De raad heeft een verweerschrift ingediend.
[appellante] heeft nadere stukken ingediend.
Bij besluit van 9 november 2023 heeft de raad het bestemmingsplan "Buitengebied, [locatie]" (hierna: het reparatieplan) opnieuw en gewijzigd vastgesteld.
[appellante] heeft daartegen beroepsgronden ingediend.
De raad heeft daarop gereageerd.
[appellante] heeft nogmaals nadere stukken ingediend.
De raad heeft een reactie en een nader stuk ingediend.
De Afdeling heeft de zaak op een zitting behandeld op 28 maart 2025, waar [appellante], vertegenwoordigd door mr. Tj.P. Grünbauer, advocaat in Ede, [gemachtigden], en de raad, vertegenwoordigd door mr. M. van Moorsel, advocaat in Nijmegen, en I.L.E. Verhoeff, zijn verschenen.
Overwegingen
Overgangsrecht inwerkingtreding Omgevingswet
1. Op 1 januari 2024 zijn de Omgevingswet en de Invoeringswet Omgevingswet in werking getreden. Op grond van artikel 4.6, derde lid, van de Invoeringswet Omgevingswet blijft op een beroep tegen een besluit tot vaststelling van een bestemmingsplan waarvan het ontwerp vóór het tijdstip van inwerkingtreding van de Omgevingswet ter inzage is gelegd het recht zoals dat gold onmiddellijk vóór dat tijdstip van toepassing tot het bestemmingsplan onherroepelijk is.

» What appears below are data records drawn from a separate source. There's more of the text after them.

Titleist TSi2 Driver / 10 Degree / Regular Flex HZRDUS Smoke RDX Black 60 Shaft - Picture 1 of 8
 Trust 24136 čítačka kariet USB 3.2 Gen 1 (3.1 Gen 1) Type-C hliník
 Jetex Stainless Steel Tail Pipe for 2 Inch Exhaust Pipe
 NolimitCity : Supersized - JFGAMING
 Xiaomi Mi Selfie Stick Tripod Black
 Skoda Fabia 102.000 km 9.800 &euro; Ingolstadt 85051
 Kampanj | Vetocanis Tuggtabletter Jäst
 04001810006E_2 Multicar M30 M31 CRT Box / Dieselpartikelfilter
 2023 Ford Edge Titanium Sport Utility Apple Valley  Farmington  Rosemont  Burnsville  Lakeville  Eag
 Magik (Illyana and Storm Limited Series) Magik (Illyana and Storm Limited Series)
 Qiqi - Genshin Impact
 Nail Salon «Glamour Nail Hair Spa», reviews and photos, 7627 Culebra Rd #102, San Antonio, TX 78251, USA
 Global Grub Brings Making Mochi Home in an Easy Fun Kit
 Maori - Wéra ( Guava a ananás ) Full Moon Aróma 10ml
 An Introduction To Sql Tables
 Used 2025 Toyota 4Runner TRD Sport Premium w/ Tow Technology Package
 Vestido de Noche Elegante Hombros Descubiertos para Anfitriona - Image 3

Het ontwerpplan is op 29 juni 2022 ter inzage gelegd. Dat betekent dat op deze beroepsprocedure het recht, waaronder de Wet ruimtelijke ordening, zoals dat gold vóór 1 januari 2024 van toepassing blijft.
Inleiding
2. Het bestemmingsplan en het reparatieplan voorzien in een uitwerking van de mogelijkheden voor [appellante] op haar perceel [locatie] met het oog op een nabij voorziene woningbouwlocatie. [appellante] is van mening dat zij door de functieaanduidingen "specifieke vorm van agrarisch uitgesloten - mestopslag" en "specifieke vorm van agrarisch uitgesloten - bedrijfsmatig agrarisch gebruik" wordt beperkt in haar bedrijfsvoering.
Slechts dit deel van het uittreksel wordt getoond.